WHAT YOU HAVE TO DO.
Starting with the first line of the material, reproduce exactly each line up to and including the one that contains "Elegante cartera piel y ante multifuncional", leaving out every picture.

======== TASK INPUT ========

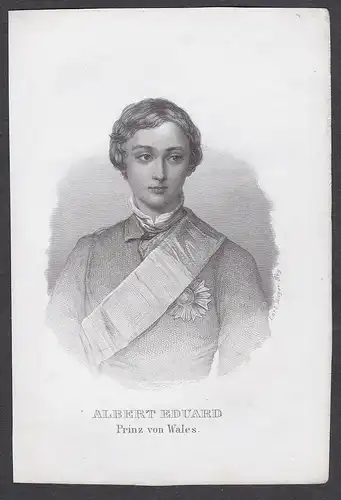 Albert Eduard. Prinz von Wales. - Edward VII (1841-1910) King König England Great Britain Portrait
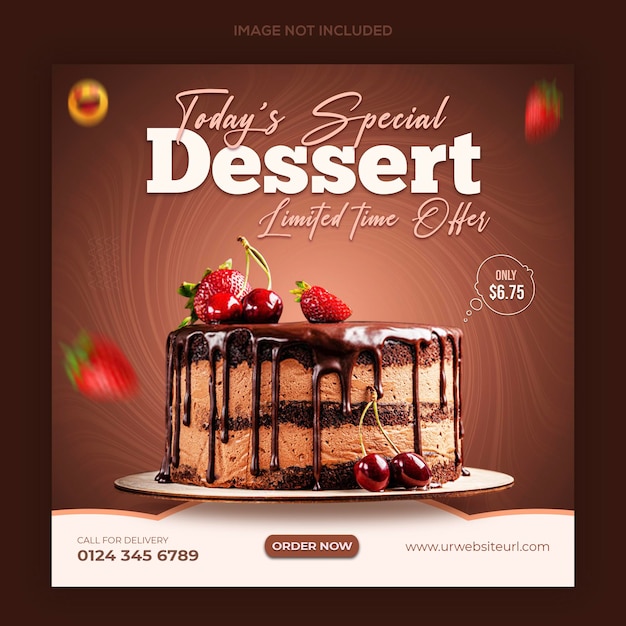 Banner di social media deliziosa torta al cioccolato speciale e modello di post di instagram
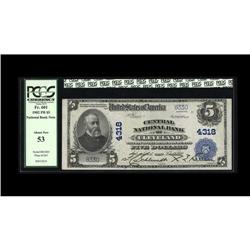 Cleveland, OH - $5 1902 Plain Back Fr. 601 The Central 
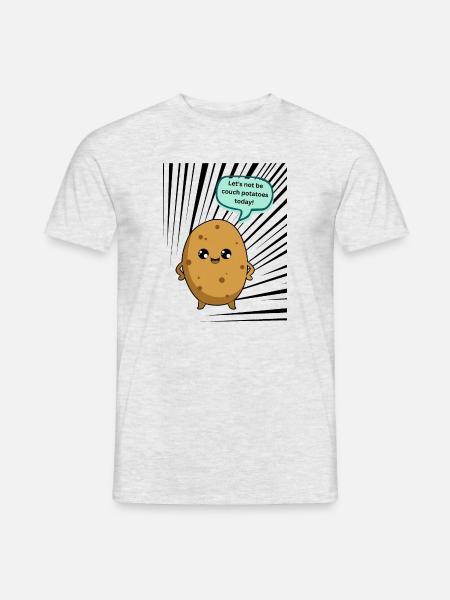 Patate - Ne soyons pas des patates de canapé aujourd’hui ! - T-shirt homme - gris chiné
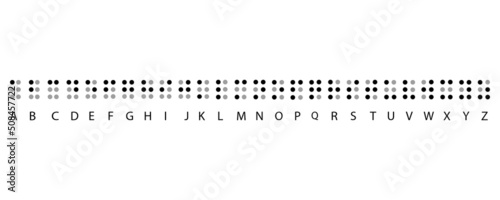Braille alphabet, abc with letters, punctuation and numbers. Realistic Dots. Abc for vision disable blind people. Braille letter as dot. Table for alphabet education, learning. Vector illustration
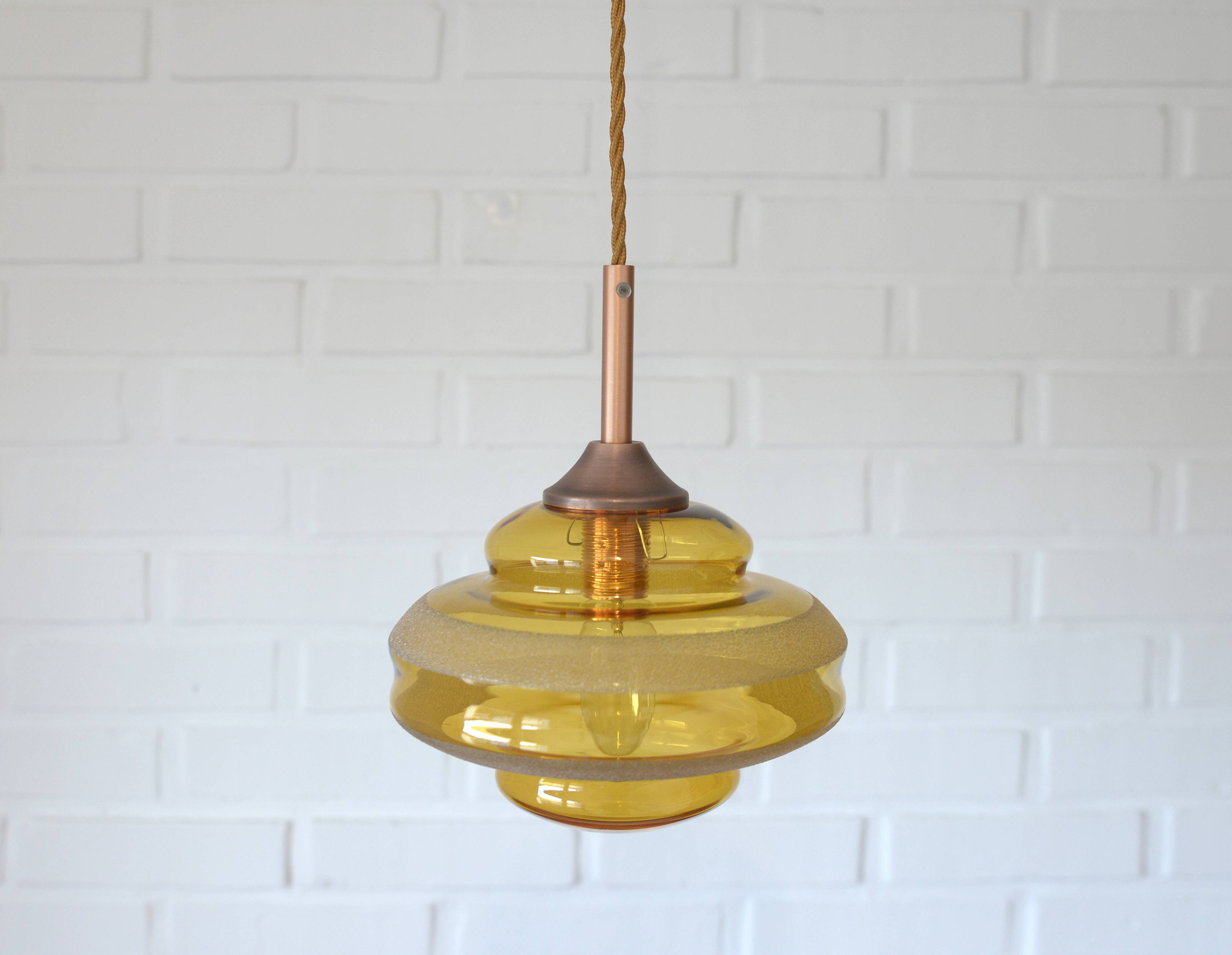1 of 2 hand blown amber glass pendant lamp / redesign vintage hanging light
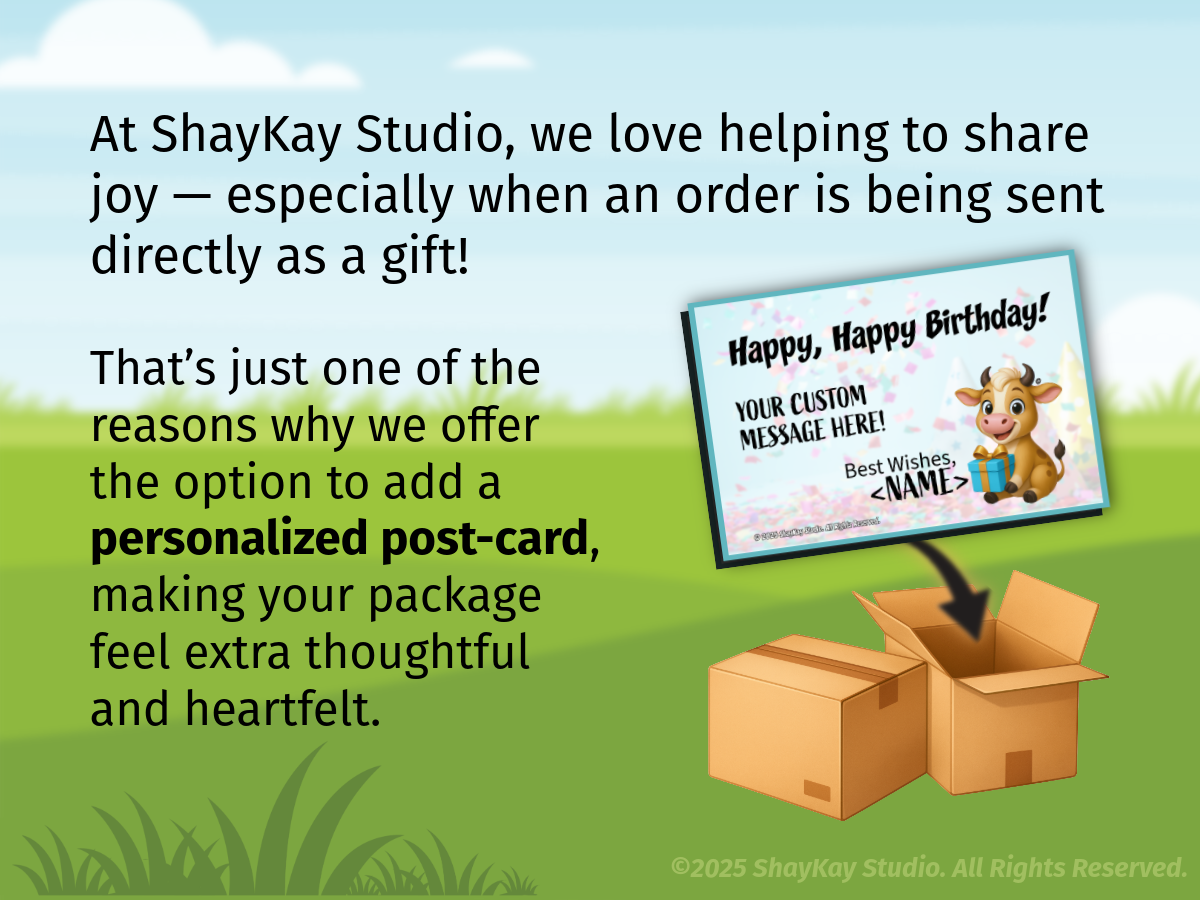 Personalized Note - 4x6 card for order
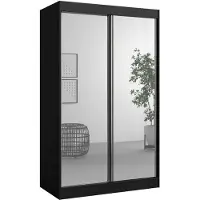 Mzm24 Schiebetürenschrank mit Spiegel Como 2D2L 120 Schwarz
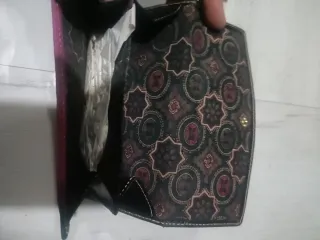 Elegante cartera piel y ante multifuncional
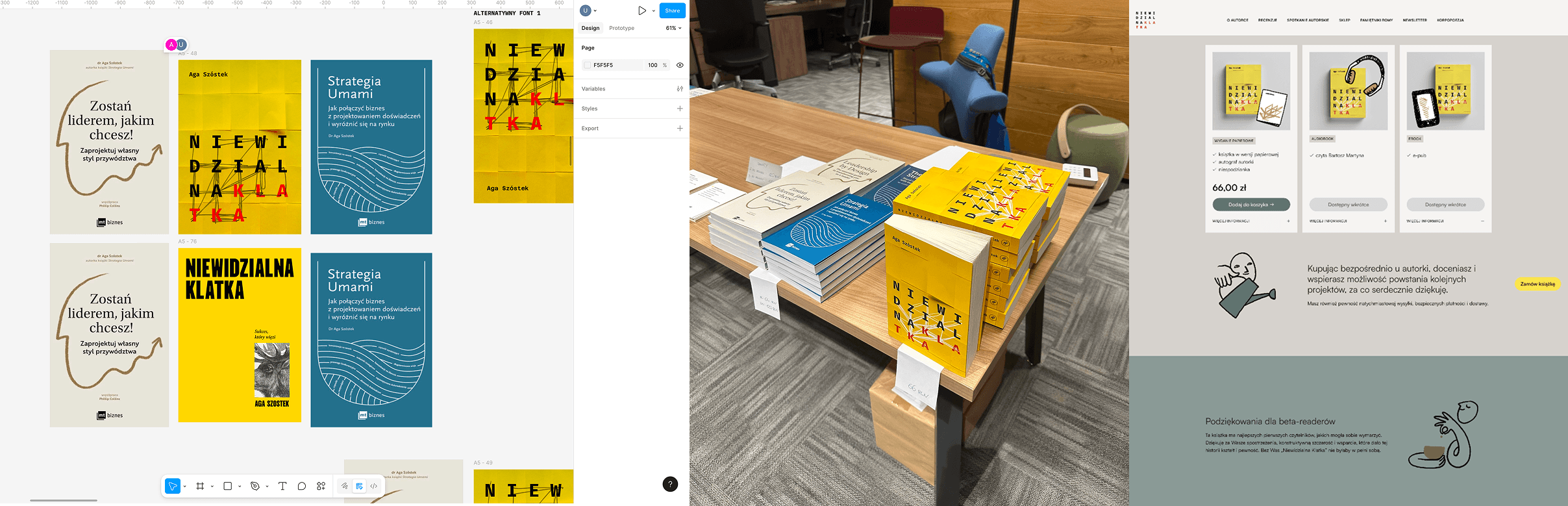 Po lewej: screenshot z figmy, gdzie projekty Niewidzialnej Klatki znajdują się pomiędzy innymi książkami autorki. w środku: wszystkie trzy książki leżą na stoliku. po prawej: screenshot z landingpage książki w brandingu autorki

========

YOUR SOLUTION.
 Albert Eduard. Prinz von Wales. - Edward VII (1841-1910) King König England Great Britain Portrait
 Banner di social media deliziosa torta al cioccolato speciale e modello di post di instagram
 Cleveland, OH - $5 1902 Plain Back Fr. 601 The Central 
 Patate - Ne soyons pas des patates de canapé aujourd’hui ! - T-shirt homme - gris chiné
Braille alphabet, abc with letters, punctuation and numbers. Realistic Dots. Abc for vision disable blind people. Braille letter as dot. Table for alphabet education, learning. Vector illustration
1 of 2 hand blown amber glass pendant lamp / redesign vintage hanging light
 Personalized Note - 4x6 card for order
 Mzm24 Schiebetürenschrank mit Spiegel Como 2D2L 120 Schwarz
 Elegante cartera piel y ante multifuncional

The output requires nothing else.